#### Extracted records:
┌──

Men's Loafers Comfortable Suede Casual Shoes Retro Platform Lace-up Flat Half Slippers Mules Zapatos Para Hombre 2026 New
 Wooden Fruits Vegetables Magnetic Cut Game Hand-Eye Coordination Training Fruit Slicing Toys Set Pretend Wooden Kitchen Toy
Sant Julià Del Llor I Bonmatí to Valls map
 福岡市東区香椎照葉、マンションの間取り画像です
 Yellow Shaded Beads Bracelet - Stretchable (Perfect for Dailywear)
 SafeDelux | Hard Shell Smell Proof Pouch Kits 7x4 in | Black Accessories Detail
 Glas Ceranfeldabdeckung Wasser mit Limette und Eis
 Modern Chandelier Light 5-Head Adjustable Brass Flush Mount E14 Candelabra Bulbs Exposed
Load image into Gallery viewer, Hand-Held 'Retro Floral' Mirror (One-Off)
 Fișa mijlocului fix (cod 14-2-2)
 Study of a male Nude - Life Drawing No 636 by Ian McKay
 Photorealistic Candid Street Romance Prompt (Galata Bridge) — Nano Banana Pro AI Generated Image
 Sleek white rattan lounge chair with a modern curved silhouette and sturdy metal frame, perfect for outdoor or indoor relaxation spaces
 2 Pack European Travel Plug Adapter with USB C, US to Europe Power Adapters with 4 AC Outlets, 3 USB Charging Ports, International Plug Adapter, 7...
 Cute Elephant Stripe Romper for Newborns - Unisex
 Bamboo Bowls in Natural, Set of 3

└──

#### PROBLEM DETAILS:
Every entry shown above is to be written out exactly.

#### ANSWER TO THIS EXERCISE:
Men's Loafers Comfortable Suede Casual Shoes Retro Platform Lace-up Flat Half Slippers Mules Zapatos Para Hombre 2026 New
 Wooden Fruits Vegetables Magnetic Cut Game Hand-Eye Coordination Training Fruit Slicing Toys Set Pretend Wooden Kitchen Toy
Sant Julià Del Llor I Bonmatí to Valls map
 福岡市東区香椎照葉、マンションの間取り画像です
 Yellow Shaded Beads Bracelet - Stretchable (Perfect for Dailywear)
 SafeDelux | Hard Shell Smell Proof Pouch Kits 7x4 in | Black Accessories Detail
 Glas Ceranfeldabdeckung Wasser mit Limette und Eis
 Modern Chandelier Light 5-Head Adjustable Brass Flush Mount E14 Candelabra Bulbs Exposed
Load image into Gallery viewer, Hand-Held 'Retro Floral' Mirror (One-Off)
 Fișa mijlocului fix (cod 14-2-2)
 Study of a male Nude - Life Drawing No 636 by Ian McKay
 Photorealistic Candid Street Romance Prompt (Galata Bridge) — Nano Banana Pro AI Generated Image
 Sleek white rattan lounge chair with a modern curved silhouette and sturdy metal frame, perfect for outdoor or indoor relaxation spaces
 2 Pack European Travel Plug Adapter with USB C, US to Europe Power Adapters with 4 AC Outlets, 3 USB Charging Ports, International Plug Adapter, 7...
 Cute Elephant Stripe Romper for Newborns - Unisex
 Bamboo Bowls in Natural, Set of 3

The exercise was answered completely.